Drone missile attacks near to Pakistan’s Afghan border have become an everyday occurrence since Obama took power
Declan Walsh in Islamabad, The Guardian, Oct 7, 2010
US drone near Pakistan
The Obama administration has authorised 125 drone strikes so far – twice the number George Bush used in his last five years in power. Photograph: Kirsty Wigglesworth/AP
The Pashtun tribesmen have several nicknames for the drones that endlessly circle over their mud-walled mountain villages. Some call them “wasps” or “mosquitoes”, after the low buzz emitted by the pilotless aircraft’s small engines.
But the most telling name is “bangana” – the Pashto word for a thunderclap – after the terrifying impact of a laser-guided Hellfire missile as it slams into a building, often obliterating everyone inside.
Since the CIA launched its first drone strike in Pakistan in June 2004, killing a young Taliban leader, such missile attacks have become an everyday event in North and South Waziristan, along the troubled Afghan border.
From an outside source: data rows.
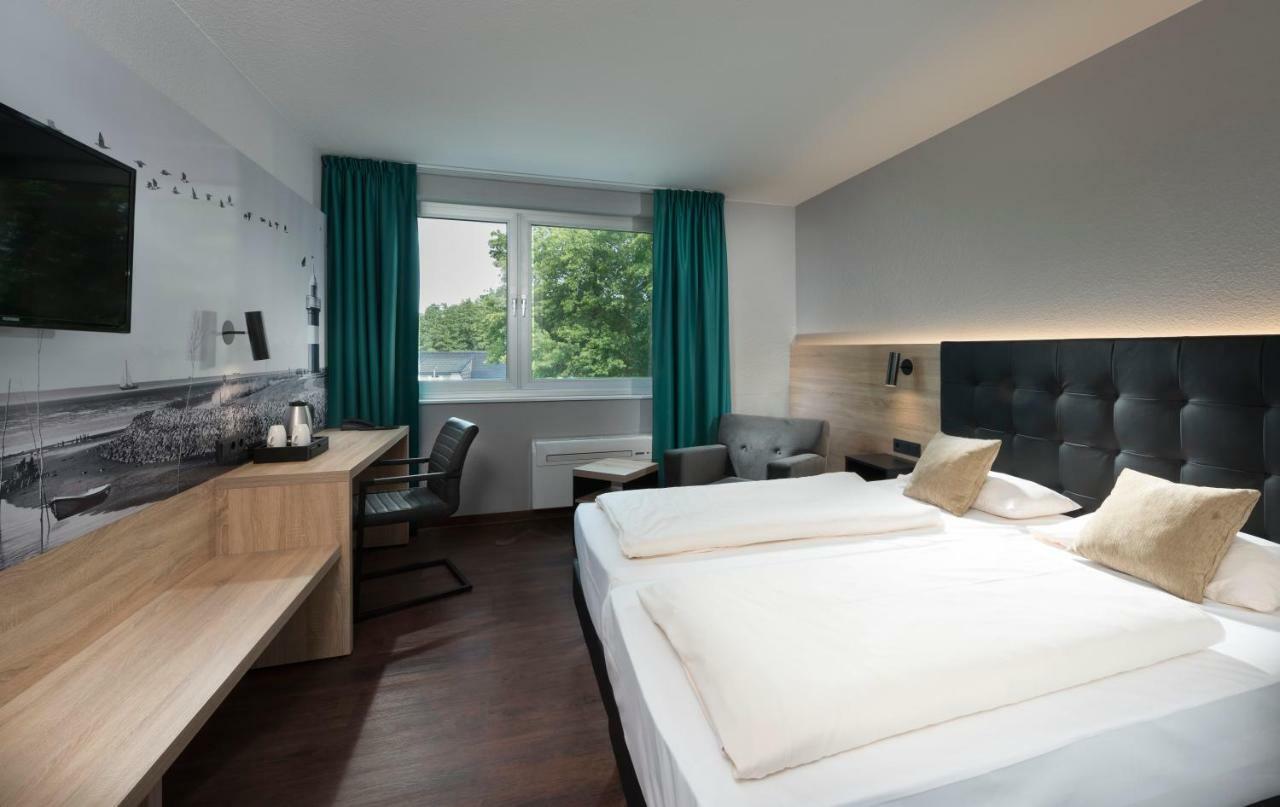 Double Room,886277839:JPEG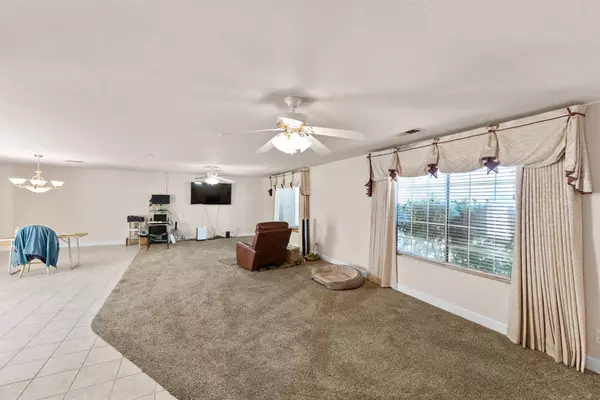 36740 Kensington DR, Madera, CA 93636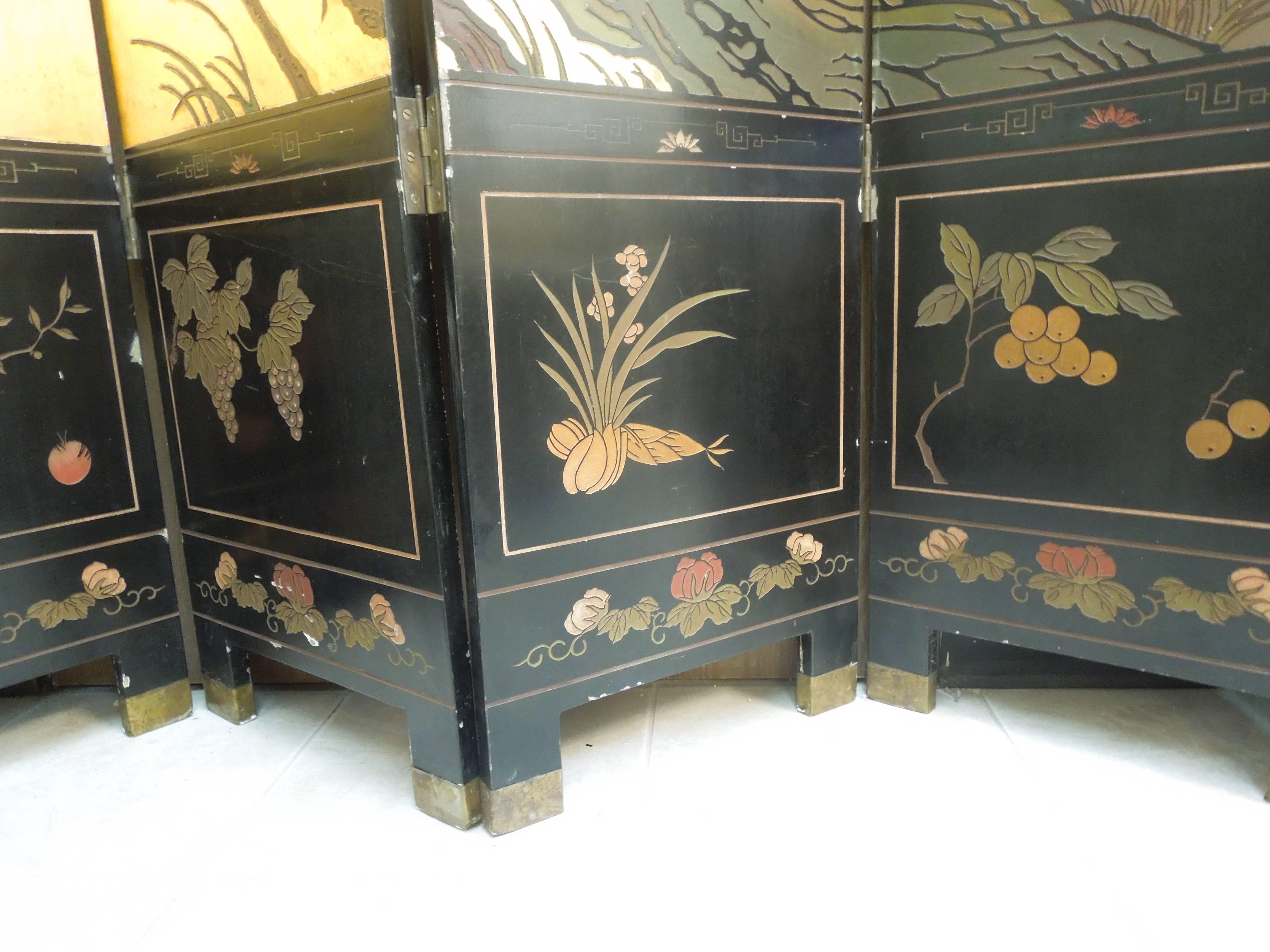 Gorgeous Vintage 40s Chinese Coromandel Floral and Bird Screen In Good Condition In Palm Springs, CA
Predator and larger Reaper drones have killed up to 1,800 people, according to media estimates gathered by the New American Foundation, including at least two dozen senior al-Qaida operatives and hundreds of more junior militants.
But the drones also kill many civilians – the exact toll is hotly contested – and debate rages, in Pakistan and abroad, about whether they ultimately quell militancy or encourage it.
Washington has few doubts. So far Barack Obama has signed off on over 125 strikes – twice the number authorised by George Bush during the last five years of his presidency. Manufacturers are scrambling to keep up with demand from the CIA.